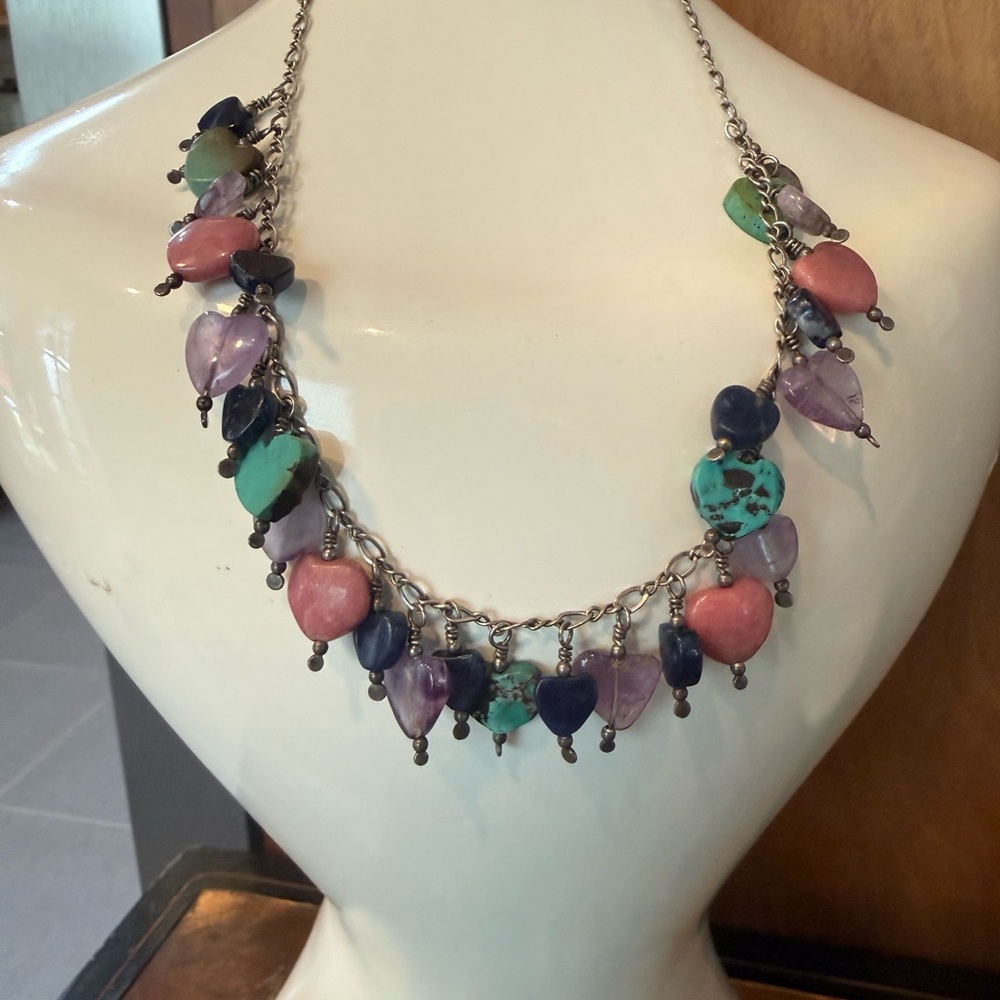 Genuine Stone Heart Necklace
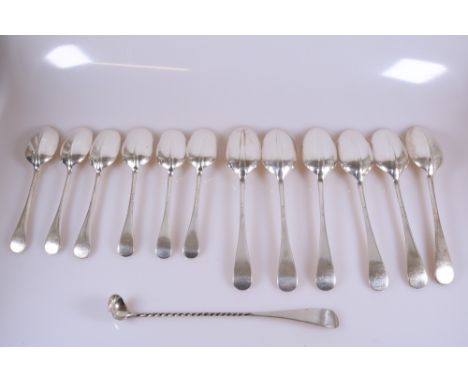 6 x William Hutton Silver Plated "Rat Tail" Table Spoons, 6 x WH SEP Desert Spoons, 1 x Twisted Handle Olive / Pickle Spoon, 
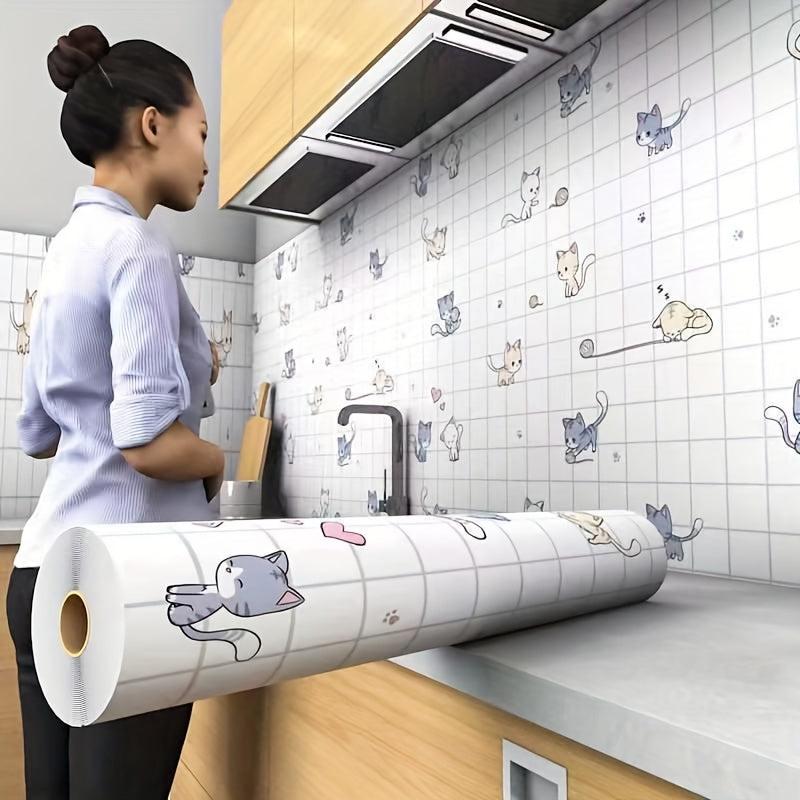 Cartoon Cat Wallpaper Self Adhesive for Kitchen Countertop Furniture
****
Please give back the material above exactly as written, pictures omitted.

■ **SOLUTION FOR THIS EXERCISE**:
 Genuine Stone Heart Necklace
 6 x William Hutton Silver Plated "Rat Tail" Table Spoons, 6 x WH SEP Desert Spoons, 1 x Twisted Handle Olive / Pickle Spoon, 
 Cartoon Cat Wallpaper Self Adhesive for Kitchen Countertop Furniture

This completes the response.